[Exercise inputs]
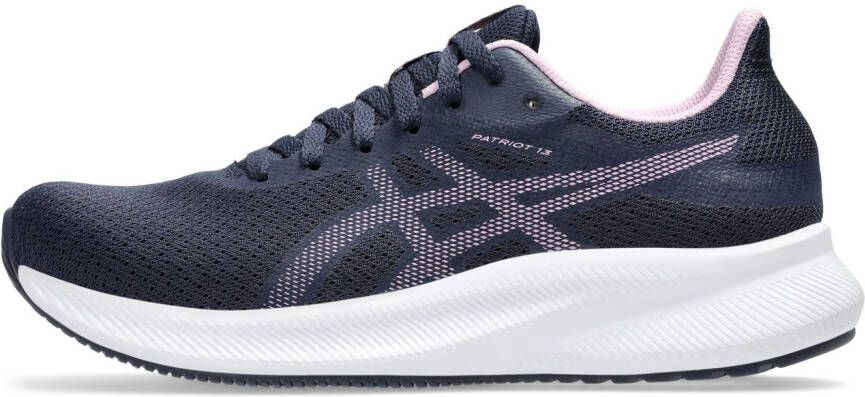 Asics Runningschoenen PATRIOT 13 meer demping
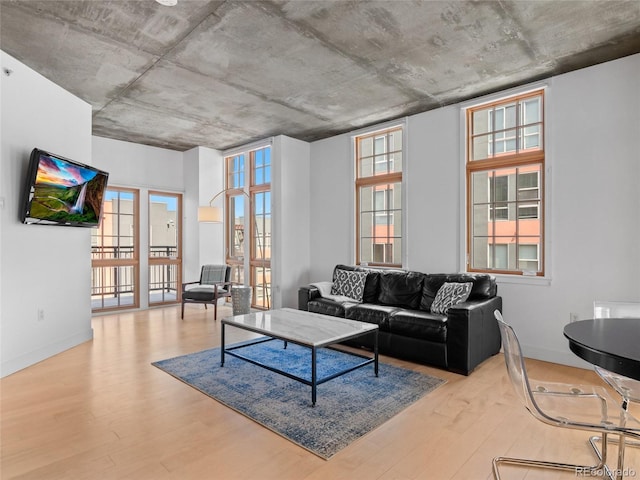 275 S Harrison St Unit 407, Denver, CO 80209 - photo 4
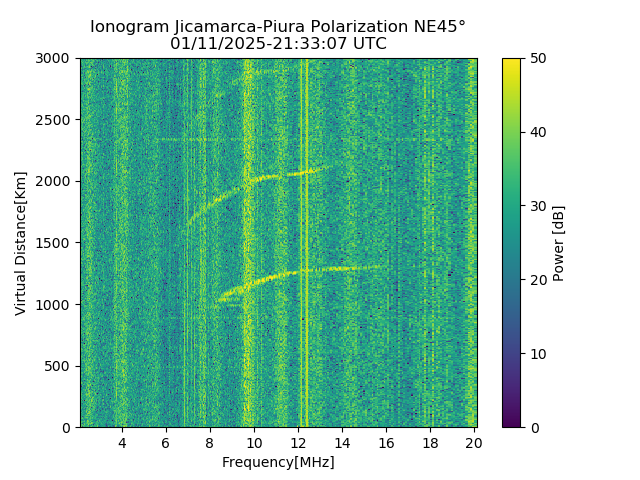 PREJM_2025011213307_PWR.png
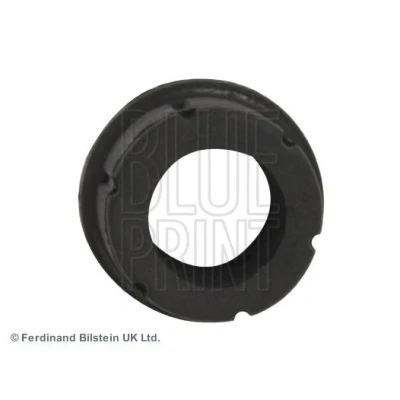 Afbeelding van Afstandshuls, bladveer BLUE PRINT ADT38074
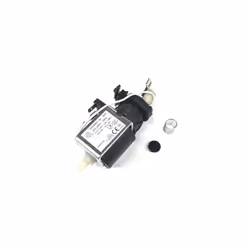 Merci de vérifier que cette pièce est bien compatible avec votre modèle d'appareil. Notre service client peut vous conseiller ...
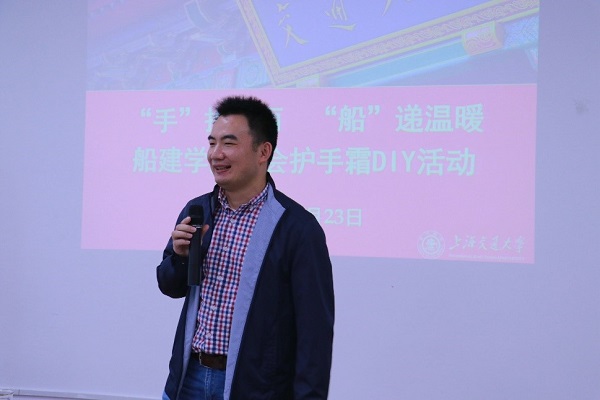 1571966369637860.jpg 13aa.jpg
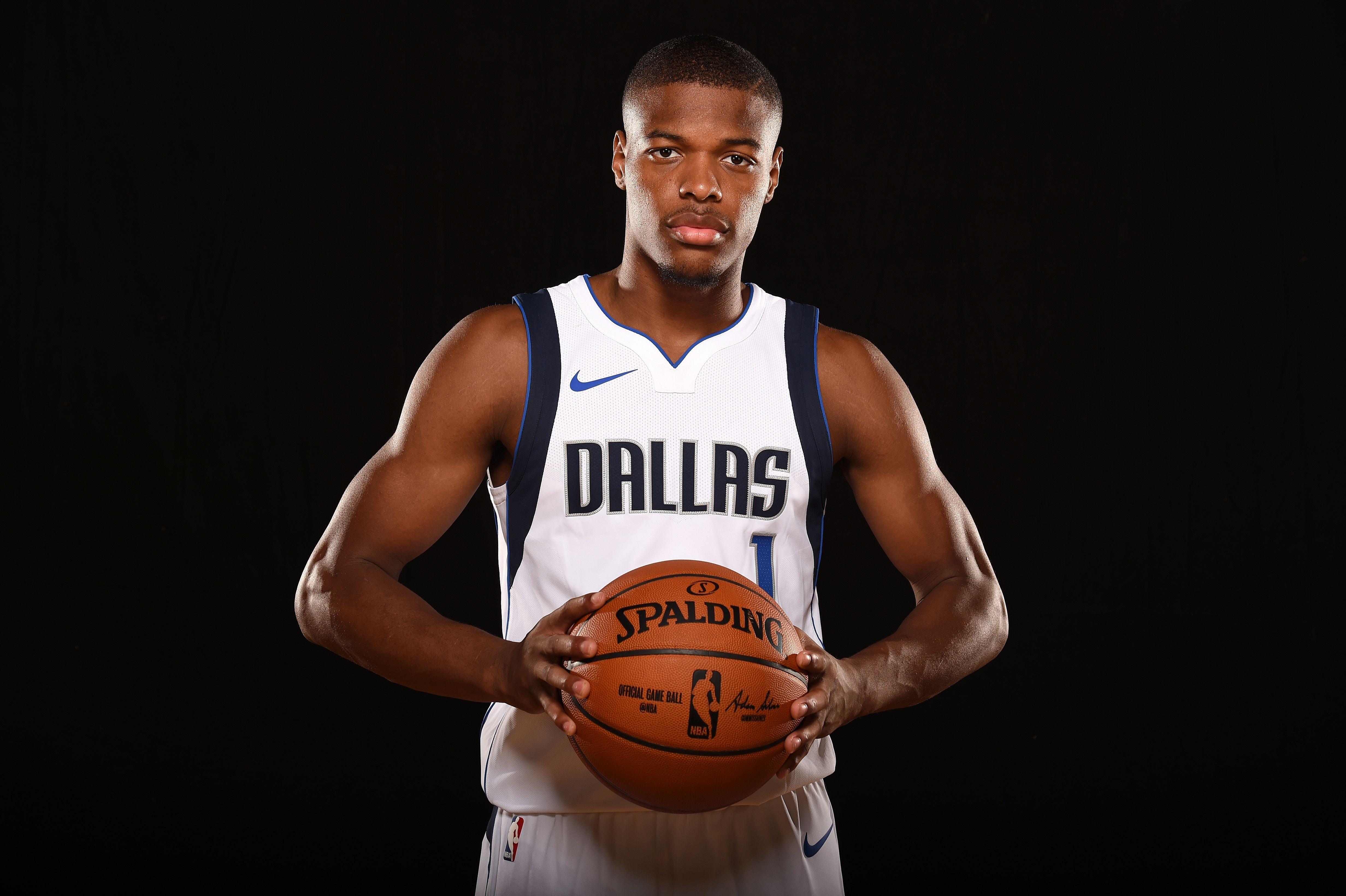 4928x3280 Dennis Smith Jr 5k Wallpaper, HD Sports Wallpaper, 4k Wallpaper, Image, Background, Photos and Picture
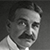 L. Frank Baum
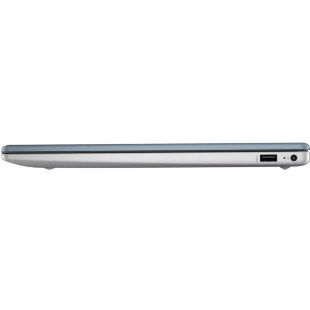 Ноутбук HP 15-fd1160ua (C9NC4EA)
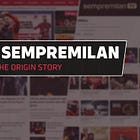 Behind SempreMilan: The origin story [Bonus Article]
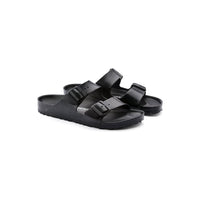 Thumbnail for Arizona Eva Sandals Black with lightweight and waterproof design for comfort 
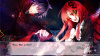 Превью изображения 5: Psychedelica of the Black Butterfly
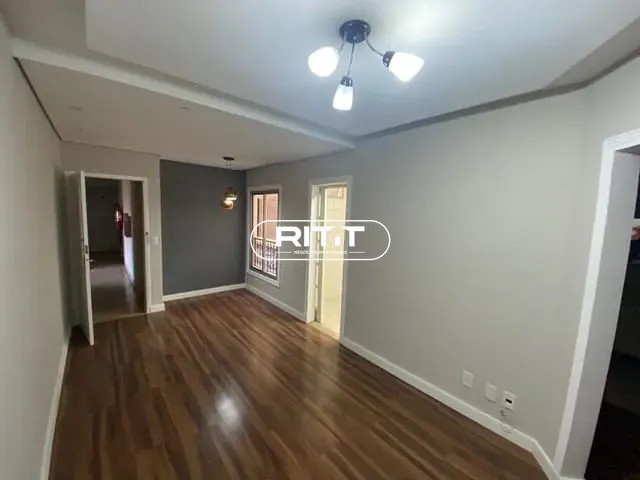 Apartamento com 60m² 2 quartos e 1 banheiro, à venda, no bairro Vila Lemos em Campinas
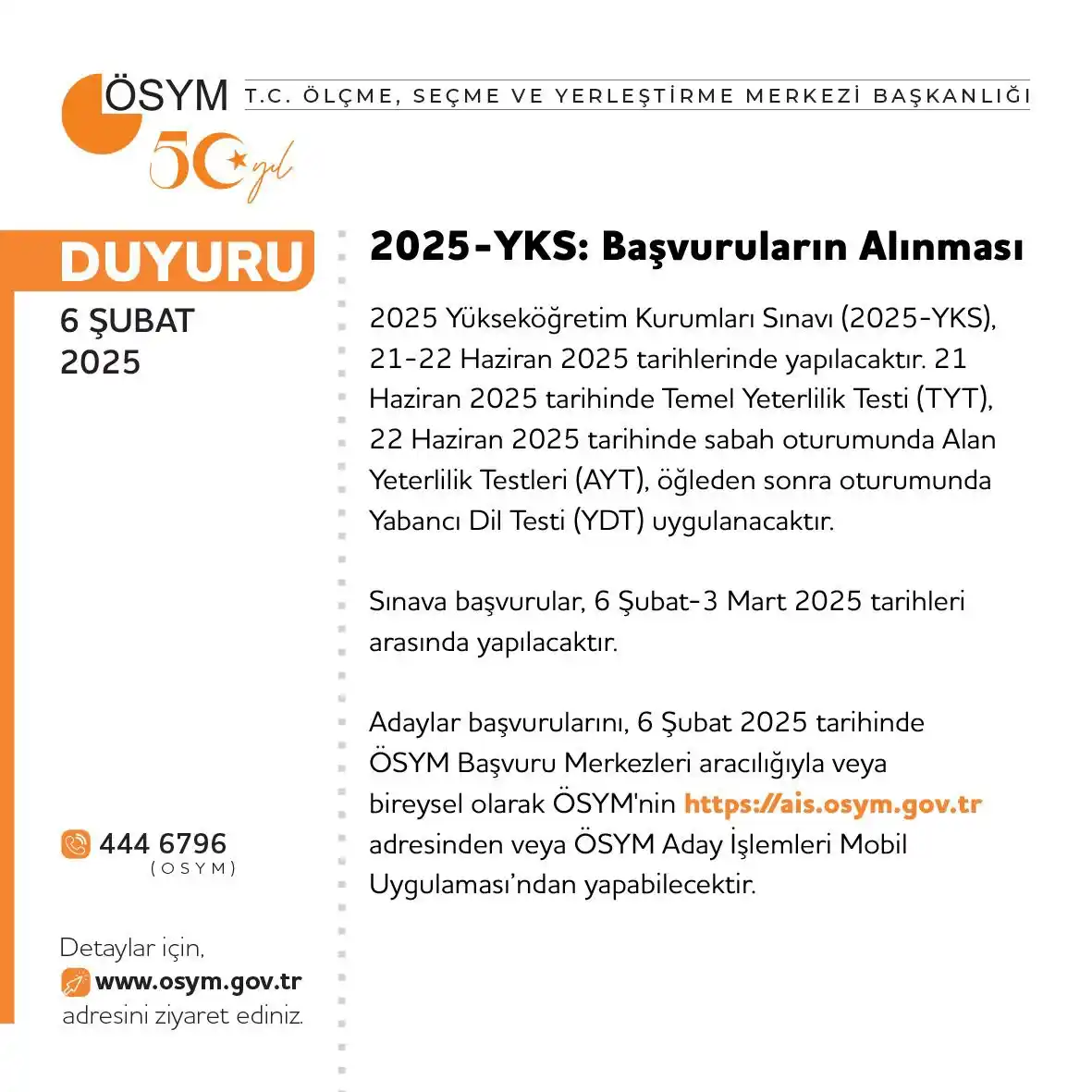 Vezirköprü İlçe Milli Eğitim Müdürlüğü post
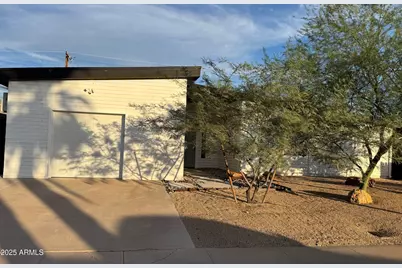 2307 N 51st Place, Phoenix, AZ 85008 - Photo 39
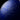 La Terre Bleue, Yves Klein & Lalique 2015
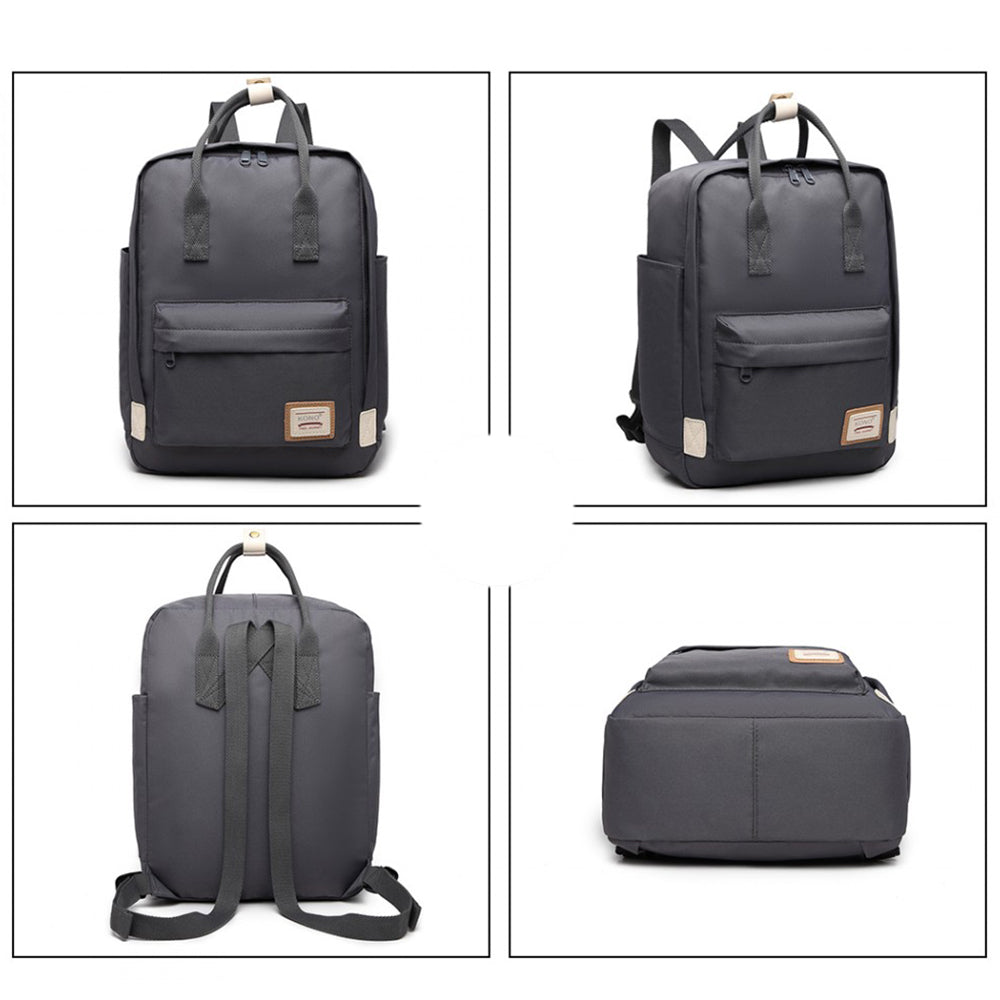 Rucsac Laptop KONO EB2017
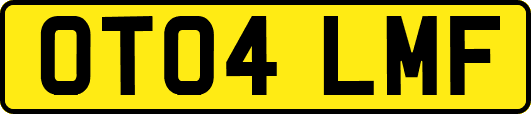 OT04LMF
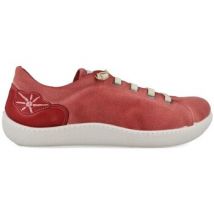 Baskets basses Sunni Sabbi OSHIMA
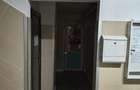 3cam2bai/mob-util/zona Lacul Tei,3min STB sau 10min metro... - 6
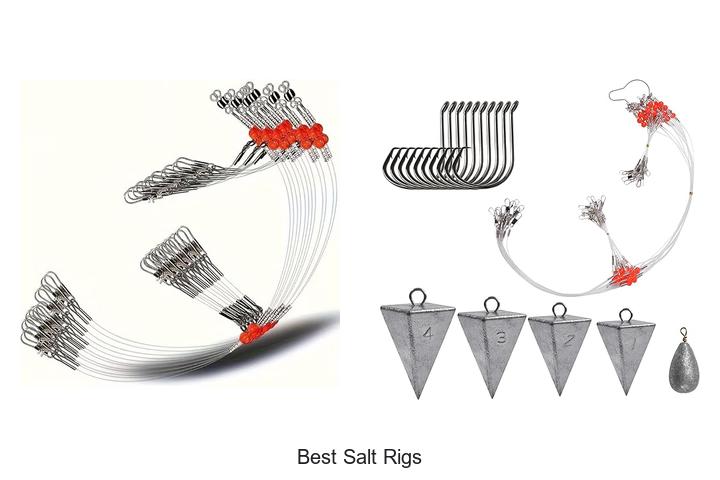 Top 15 Best Salt Rigs You Can’t Miss Right Now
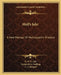 Hull's Jahr: A New Manual Of Homeopathic Practice by G. H. G. Jahr, Frederick G. Snelling, C. J. Hempel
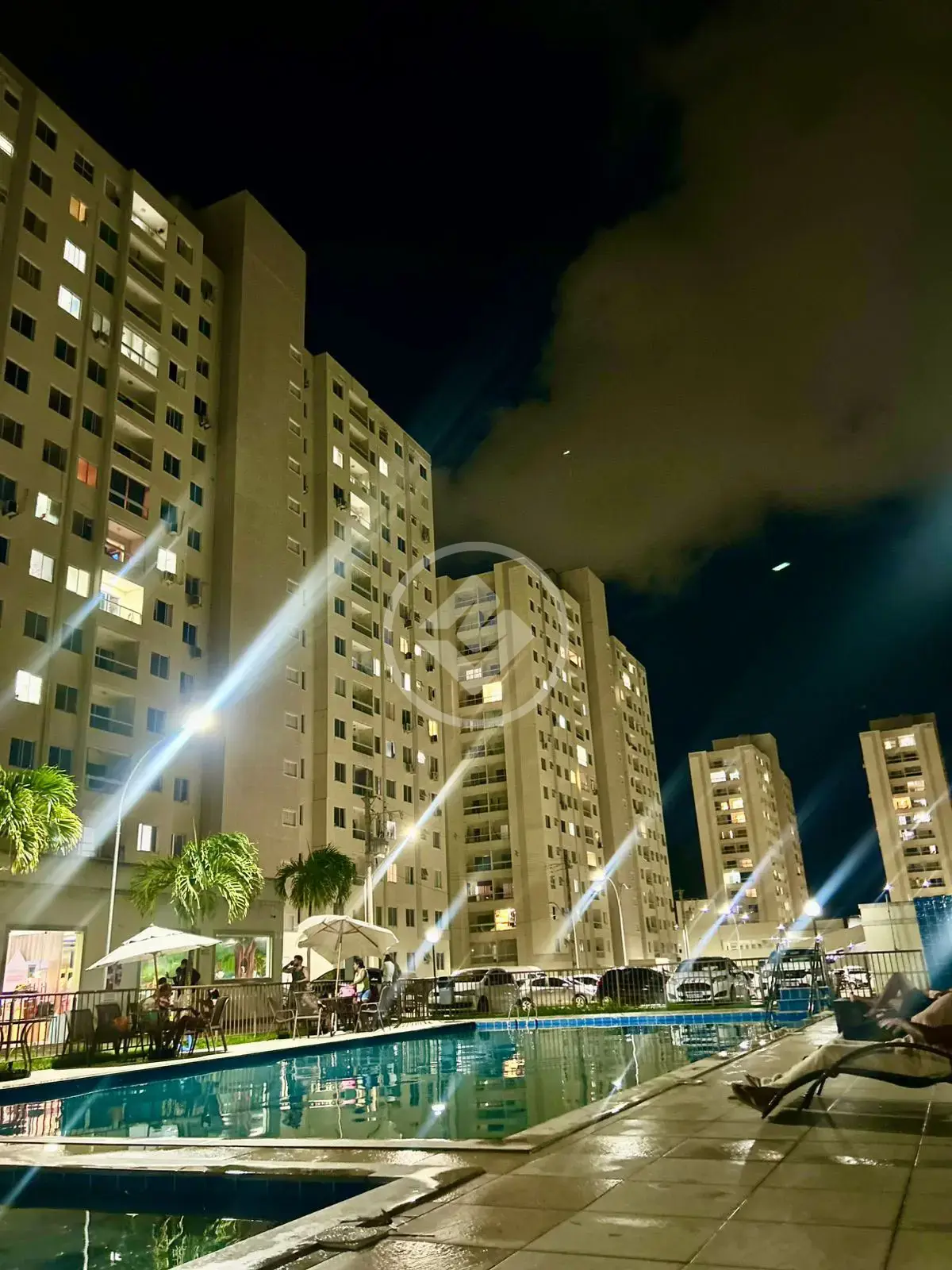 Imagem 1 - Apartamento em Pirajá, Salvador - BA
[/Exercise inputs]
*Try it:*
Reproduce exactly and only the lines from the line that contains "275 S Harrison" to the end of the data above, both ends included. No pictures go in the copy.

*Task output:*
 275 S Harrison St Unit 407, Denver, CO 80209 - photo 4
 PREJM_2025011213307_PWR.png
 Afbeelding van Afstandshuls, bladveer BLUE PRINT ADT38074
 Merci de vérifier que cette pièce est bien compatible avec votre modèle d'appareil. Notre service client peut vous conseiller ...
 1571966369637860.jpg 13aa.jpg
 4928x3280 Dennis Smith Jr 5k Wallpaper, HD Sports Wallpaper, 4k Wallpaper, Image, Background, Photos and Picture
 L. Frank Baum
 Ноутбук HP 15-fd1160ua (C9NC4EA)
 Behind SempreMilan: The origin story [Bonus Article]
 Thumbnail for Arizona Eva Sandals Black with lightweight and waterproof design for comfort 
 Превью изображения 5: Psychedelica of the Black Butterfly
 Apartamento com 60m² 2 quartos e 1 banheiro, à venda, no bairro Vila Lemos em Campinas
 Vezirköprü İlçe Milli Eğitim Müdürlüğü post
 2307 N 51st Place, Phoenix, AZ 85008 - Photo 39
 La Terre Bleue, Yves Klein & Lalique 2015
 Rucsac Laptop KONO EB2017
 OT04LMF
 Baskets basses Sunni Sabbi OSHIMA
 3cam2bai/mob-util/zona Lacul Tei,3min STB sau 10min metro... - 6
 Top 15 Best Salt Rigs You Can’t Miss Right Now
 Hull's Jahr: A New Manual Of Homeopathic Practice by G. H. G. Jahr, Frederick G. Snelling, C. J. Hempel
 Imagem 1 - Apartamento em Pirajá, Salvador - BA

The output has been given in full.